Déployées pour faire tampon entre les deux camps, les forces de l’ordre ont effectué des tirs de sommation pour contraindre les manifestants kurdes à se disperser. Plusieurs véhicules ont été incendiés sur une grande avenue, selon un correspondant de l’AFP.

Quelque 31 «manifestants» ont été interpellés, dont cinq armés, a indiqué à l’AFP tard dans la nuit un responsable de sécurité à Kirkouk. Plus tôt le premier ministre Mohamed Chia al-Soudani a réclamé «la formation d’une commission d’enquête pour élucider les circonstances dans lesquelles un citoyen a été tué». Depuis près d’une semaine, les tensions couvent à Kirkouk, ville que se disputent historiquement le pouvoir fédéral de Bagdad et les autorités de la région autonome du Kurdistan d’Irak, dans le nord.

Lundi, des protestataires des communautés arabe et turkmène ont instauré un sit-in près du quartier général des forces de sécurité irakiennes dans la province de Kirkouk, après des informations selon lesquelles le premier ministre irakien avait ordonné aux forces de l’ordre de remettre ce site au Parti démocratique du Kurdistan (PDK), qui l’occupait autrefois.

Samedi, des manifestants kurdes se sont mobilisés à leur tour en fin d’après-midi et ont tenté de rallier le QG, d’après le correspondant de l’AFP.

«Couvre-feu»

Illustrant la marche arrière du gouvernement pour calmer la flambée de violences, le gouverneur de Kirkouk Rakan Saïd al-Joubouri a annoncé reporter le départ du QG des forces de sécurité, pour obtenir des manifestants arabes et turkmènes une levée de leur sit-in.

De leur côté, les manifestants kurdes étaient toujours mobilisés dans un autre secteur de la ville où ils ont incendié des pneus, selon un correspondant de l’AFP. M. Soudani avait ordonné samedi «l’instauration d’un couvre-feu à Kirkouk et l’organisation de vastes opérations sécuritaires pour ratisser les zones secouées par des émeutes».

Malgré des relations en dents de scie, le gouvernement de Mohamed Chia al-Soudani a relativement réussi ces derniers mois à réchauffer les relations entre Bagdad et Erbil, capitale du Kurdistan autonome. S’entretenant au téléphone avec des dirigeants du Kurdistan autonome, M. Soudani et le leader historique Massoud Barzani se sont entendus sur la nécessité d’œuvrer conjointement «pour faire échouer ceux qui cherchent à porter atteinte à la sécurité et la stabilité du Kirkouk».

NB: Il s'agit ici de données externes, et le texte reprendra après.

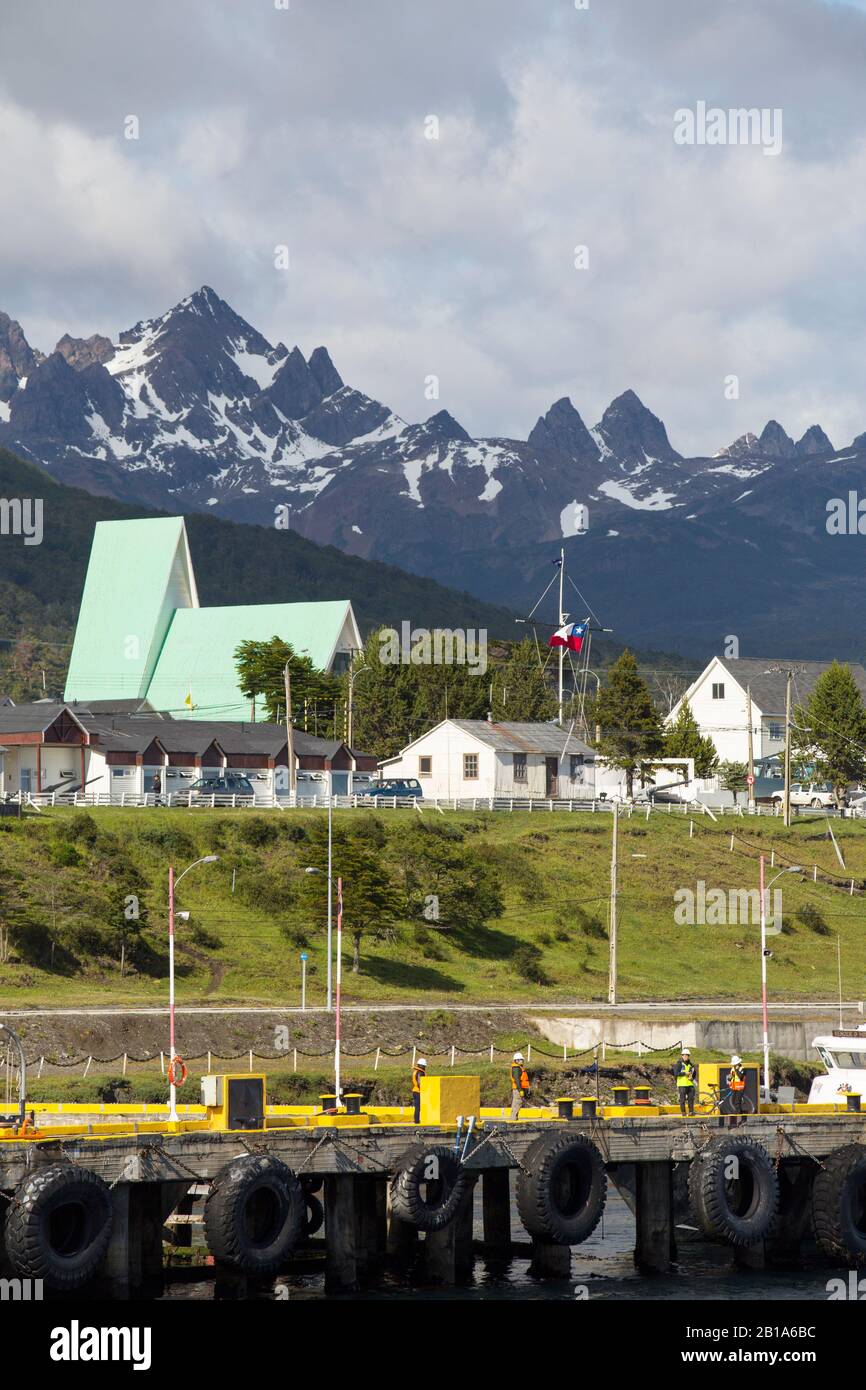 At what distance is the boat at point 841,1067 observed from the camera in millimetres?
54125

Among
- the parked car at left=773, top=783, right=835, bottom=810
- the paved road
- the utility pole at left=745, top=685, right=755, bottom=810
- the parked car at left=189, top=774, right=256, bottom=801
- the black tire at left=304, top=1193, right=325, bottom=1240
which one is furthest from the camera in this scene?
the parked car at left=773, top=783, right=835, bottom=810

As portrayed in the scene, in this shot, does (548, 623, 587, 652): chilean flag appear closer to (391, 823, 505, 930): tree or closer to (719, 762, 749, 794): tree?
(719, 762, 749, 794): tree

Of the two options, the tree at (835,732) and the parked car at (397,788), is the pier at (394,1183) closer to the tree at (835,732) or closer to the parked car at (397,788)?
the parked car at (397,788)

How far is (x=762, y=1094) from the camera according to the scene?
53.7 metres

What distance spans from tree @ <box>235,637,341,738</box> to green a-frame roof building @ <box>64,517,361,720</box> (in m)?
7.86

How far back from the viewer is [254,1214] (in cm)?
4106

«S’abstenir de toute violence»

En 2014, le PDK et les peshmergas, forces de sécurité du Kurdistan autonome, avaient brièvement pris le contrôle de la région pétrolière de Kirkouk. Mais ils en avaient été expulsés à l’automne 2017 par les troupes fédérales, en rétorsion à un référendum d’indépendance kurde qui s’était soldé par un échec. S’en prenant aux manifestants du camp adverse dans sa première réaction, le leader historique Kurde Massoud Barzani avait accusé des «émeutiers» de bloquer avec leur sit-in l’autoroute reliant Kirkouk à Erbil, «créant une situation tendue et dangereuse pour les habitants».

«Il est surprenant que les forces de sécurité (…) n’aient pas réussi ces derniers jours à empêcher le chaos et le comportement illégal de ceux qui coupent la route, tandis qu’aujourd’hui, la violence a été utilisée à l’encontre de la jeunesse kurde et des manifestants», a-t-il déploré.

Son fils Masrour Barzani, premier ministre du Kurdistan d’Irak, a appelé le chef du gouvernement fédéral de Bagdad à «intervenir immédiatement pour contrôler cette situation inacceptable». Il a également enjoint «les citoyens kurdes persécutés à Kirkouk à faire preuve de retenue et à s’abstenir de toute violence».